I was working on defining formal semantics. I would like to write a function, that computes the list of the variables used in an expression (for the sake of simplicity, in the example code, only empty list, variable and map constructions are present). I’m having problems with the map constructor. When I try to define this function with fmap/map or mutual recursion (as seen in variables2 below) I get an ill-formed recursion error. The only way I was able to construct such a function was with inline fix (as seen in variables).

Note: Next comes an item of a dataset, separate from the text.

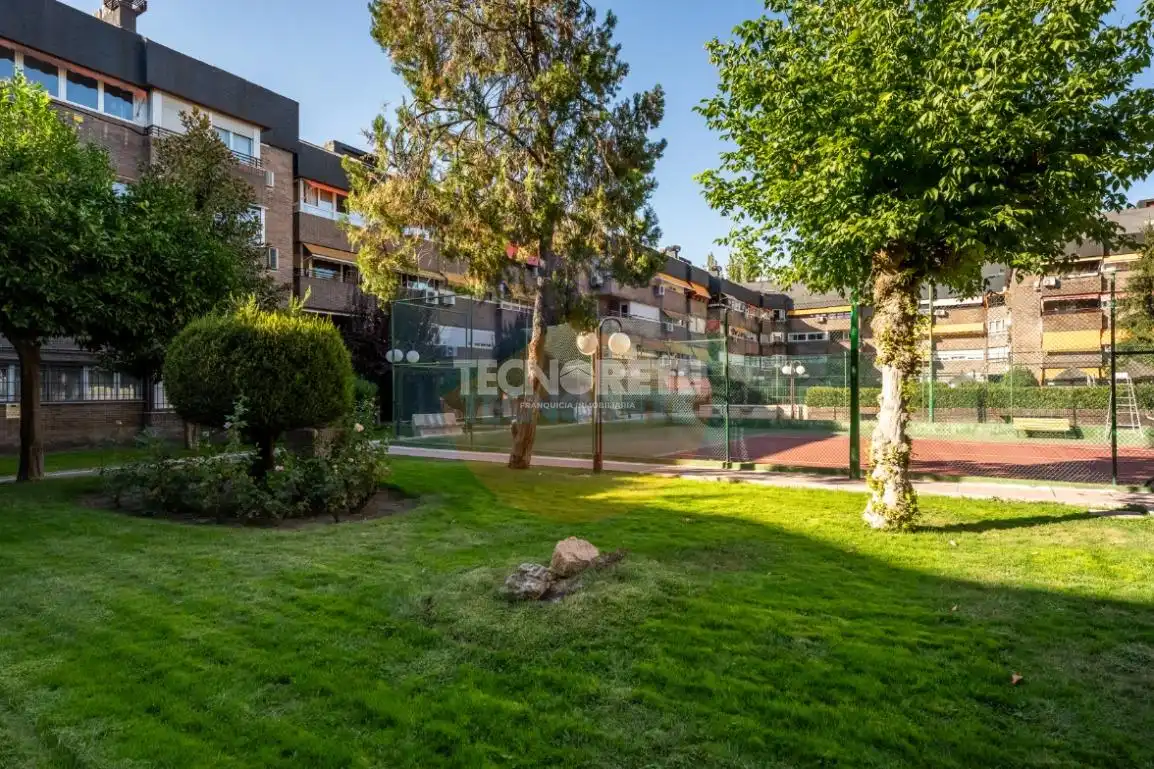 Vista exterior de Pis en venda en Majadahonda amb Calefacció, Terrassa i Traster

Inductive Expression : Type :=
| EEmptyList
| EVar (s : string)
| EMap (l : list (Expression * Expression)).
Fixpoint variables (e : Expression) : list string :=
match e with
| EEmptyList => []
| EVar x => [x]
| EMap l => (fix fp l := match l with
| [] => []
| (a,b)::xs => app (app (variables a) (variables b)) (fp xs)
end) l
end.
Fixpoint variables2 (e : Expression) : list string :=
match e with
| EEmptyList => []
| EVar x => [x]
| EMap l => fp l
end
with fp l := match l with
| [] => []
| (a, b)::xs => app (app (variables2 a) (variables2 b)) (fp xs)
end.

How should I modify the definition of variables2 not to get this error?

The problem you are encountering is that Fixpoint requires its body to do all its recursive calls on an argument that is syntactically a subterm of its main argument. This is called the guard condition and there is some documentation here. In your first variable Coq can determine that all recursive call in fp are indeed done syntactically on a subterm of EMap l but in the second it cannot (I don’t understand the guard condition checker well enough to try to explain this behaviour).

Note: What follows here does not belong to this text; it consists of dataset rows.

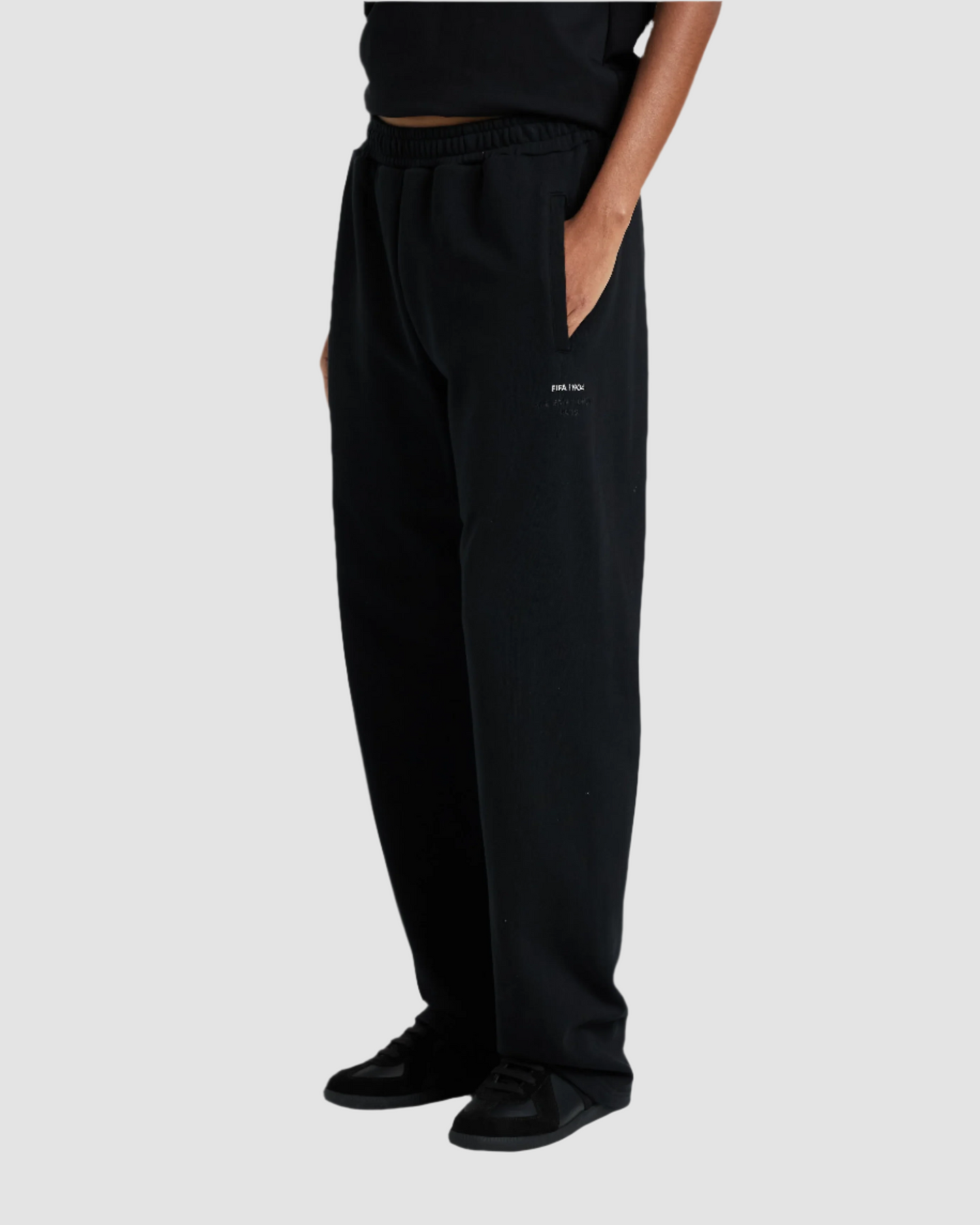 FIFA 1904 STACKED SWEATPANTS - RUE SAINT HONORÉ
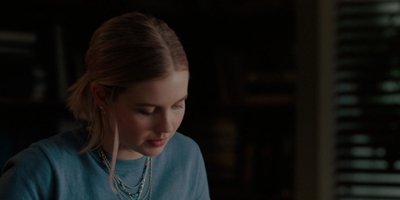 The_Last_Thing_He_Told_Me_S01E04_mkv1549.jpg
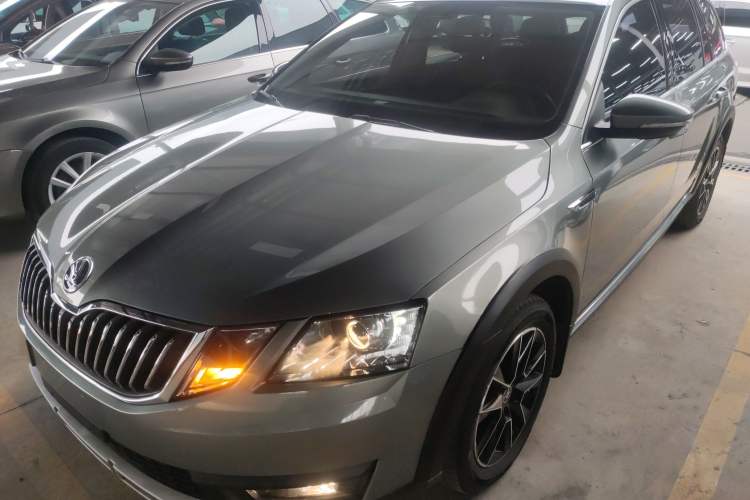 Used Skoda Octavia 2018 Station Wagon TSI230 DSG Luxury Edition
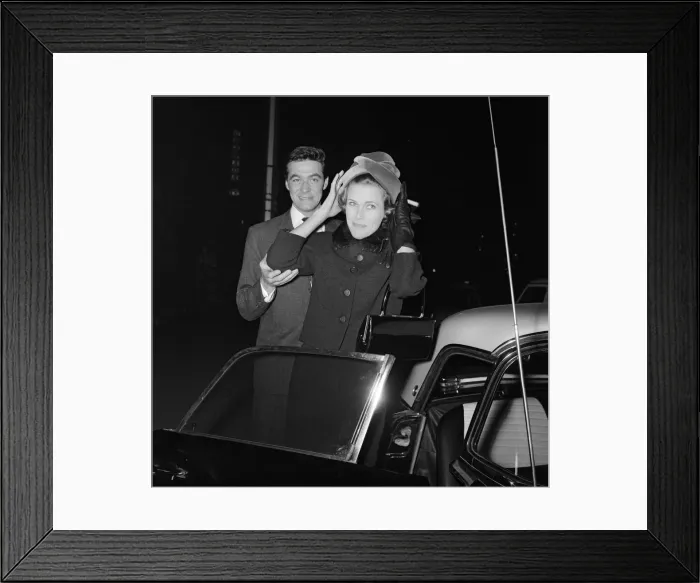 Framed Print : The wedding reception of of Honor Blackman and Maurice Kaufman held at a Chelsea club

However if you really want to have the second version, it is possible to do so by explaining to Coq why it is a well-defined recursive definition. In this case you are doing an induction on the subterms of your main argument e : Expression. You could define the relation between subterms of type Expression, prove that this relation is well founded and finally do an induction on this proof of well-foundedness. There are tools to help you to do that such as Program Fixpoint or Equations. Here is the solution using the latter (that needs to be installed separately):

From Coq Require Import String List.
From Equations Require Import Equations.
Import ListNotations.
Inductive Expression : Type :=
| EEmptyList
| EVar (s : string)
| EMap (l : list (Expression * Expression)).
Equations variables2 (e : Expression) : list string :=
variables2 EEmptyList := [] ;
variables2 (EVar x) := [x] ;
variables2 (EMap l) := fp l
with
fp (l : list (Expression * Expression)) : list string :=
fp [] := [] ;
fp ((a, b) :: xs) := variables2 a ++ variables2 b ++ fp xs.

EDIT: The example above actually does not use the subterm relation on Expression (the one derived by Equations with Derive Subterm for Expression. is actually empty so useless…)

That’s already a correct solution; for extra convenience, you can also use recursive functions like fold_right there; Coq’s termination checker will inline fold_right producing equivalent code. Example (and equivalence proof) below.

More examples appear in Cpdt.InductiveTypes under the heading “Nested Inductive Types”, which recommends this approach.

While @kyod is correct that you can use Equations, and that’s great, it seems overkill in this scenario, as proofs about the resulting definitions learning require special (and slower) tactics (discussed in the Equations documentation).

(* Your code, self-contained *)
From Coq Require Import String List.
Import ListNotations.
Inductive Expression : Type :=
| EEmptyList
| EVar (s : string)
| EMap (l : list (Expression * Expression)).
Fixpoint variables (e : Expression) : list string :=
match e with
| EEmptyList => []
| EVar x => [x]
| EMap l => fold_right (fun '(a, b) r => app (app (variables a) (variables b)) r) [] l
end.
Lemma equiv l :
fold_right (fun '(a, b) r => app (app (variables a) (variables b)) r) [] l =
(fix fp l :=
match l with
| [] => []
| (a,b)::xs => app (app (variables a) (variables b)) (fp xs)
end) l.
Proof. now induction l; [|destruct a; rewrite <-IHl]. Qed.

Thank you very much for your replies. Maybe for our purpose the second solution is better, because we have some proofs about the existing functions with fix, but both are useful to us.